There
has been conventional wisdom that ERM or risk management is a subject of
finance officers and auditors. IRR, Cash flow, DCF, Options etc were few of the
tools to asses risk. But now a mango tree, a well, a lake etc have also been
added to the risk assessment equation.
Consider
the following facts-
1.
Companies who have
added sustainability in their ERM , enjoy 16.5 % premium in market valuation.
2.
Companies that
downplay or ignore sustainability run a serious risk—sooner or later, they are
likely to encounter avoidable problems with regulators, investors,
ornon-governmental organizations, or inflict lasting damage to their reputation
because of questionable operating practices.
3.
Banks were thought
were clean till 2008. After 2008 the perception about banks have changed just
because of their poor risk policy.
4.
Standards in
statutes and rules, such as Sarbanes-Oxley, Dodd-Frank, Solvency II, Basel III,
and ORSA have come into picture to enforce risk management.
If
companies have to prosper in long term they have to incorporate sustainability
in their curriculum.
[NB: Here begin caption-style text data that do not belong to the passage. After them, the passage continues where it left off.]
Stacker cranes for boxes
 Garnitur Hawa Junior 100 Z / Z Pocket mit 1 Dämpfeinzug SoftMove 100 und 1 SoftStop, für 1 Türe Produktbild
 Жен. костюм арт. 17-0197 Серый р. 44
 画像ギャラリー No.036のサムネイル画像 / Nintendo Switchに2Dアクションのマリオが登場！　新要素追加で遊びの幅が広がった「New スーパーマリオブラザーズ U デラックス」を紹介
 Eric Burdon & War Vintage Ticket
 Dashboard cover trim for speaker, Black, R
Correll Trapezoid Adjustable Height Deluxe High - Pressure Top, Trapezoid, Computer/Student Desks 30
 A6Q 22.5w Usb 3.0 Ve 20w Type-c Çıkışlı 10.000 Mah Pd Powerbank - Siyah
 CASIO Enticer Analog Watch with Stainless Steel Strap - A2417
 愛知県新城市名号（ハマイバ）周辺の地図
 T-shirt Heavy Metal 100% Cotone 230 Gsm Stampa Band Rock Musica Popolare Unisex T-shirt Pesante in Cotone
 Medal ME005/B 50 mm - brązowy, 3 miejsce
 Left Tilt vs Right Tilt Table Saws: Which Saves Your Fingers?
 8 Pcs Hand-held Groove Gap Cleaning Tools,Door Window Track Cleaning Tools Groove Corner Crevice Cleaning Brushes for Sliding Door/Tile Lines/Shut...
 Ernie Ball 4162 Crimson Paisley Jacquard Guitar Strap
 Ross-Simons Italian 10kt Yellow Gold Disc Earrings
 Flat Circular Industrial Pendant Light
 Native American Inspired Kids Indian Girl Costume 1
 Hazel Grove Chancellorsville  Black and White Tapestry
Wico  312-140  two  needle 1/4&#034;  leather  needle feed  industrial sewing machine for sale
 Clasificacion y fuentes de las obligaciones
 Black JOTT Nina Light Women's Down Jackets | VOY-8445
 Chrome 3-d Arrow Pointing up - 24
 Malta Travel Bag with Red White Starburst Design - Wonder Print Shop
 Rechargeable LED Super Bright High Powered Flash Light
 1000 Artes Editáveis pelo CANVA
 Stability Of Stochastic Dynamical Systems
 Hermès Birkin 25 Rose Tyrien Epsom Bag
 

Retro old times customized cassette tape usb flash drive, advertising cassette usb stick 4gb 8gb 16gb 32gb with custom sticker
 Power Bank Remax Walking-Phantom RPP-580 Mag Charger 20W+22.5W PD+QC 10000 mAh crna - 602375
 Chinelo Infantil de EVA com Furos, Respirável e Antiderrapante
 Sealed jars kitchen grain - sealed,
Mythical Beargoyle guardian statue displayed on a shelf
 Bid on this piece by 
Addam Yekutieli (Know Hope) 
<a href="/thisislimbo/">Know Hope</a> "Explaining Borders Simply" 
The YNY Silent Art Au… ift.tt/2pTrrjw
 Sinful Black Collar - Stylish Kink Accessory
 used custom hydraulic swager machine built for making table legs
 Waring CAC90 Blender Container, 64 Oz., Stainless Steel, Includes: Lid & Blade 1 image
Whether it is bank lending a loan to a mining company in
Africa, or a manufacturer reduces its carbon emission, a factory hiring local
people and a company planting trees as a CSR activity, companies can no longer
ignore the importance of environment and communities in their BUSSINESS PLAN.
Sustainability
leaders recognize a symbiotic relationship between the market for their
products and their roles in society at large. Integrating sustainability into
ERM puts companies in control of their destinies, enabling them to be proactive
and forestall stakeholder pressures that might otherwise pose a threat to
existing operations or future growth.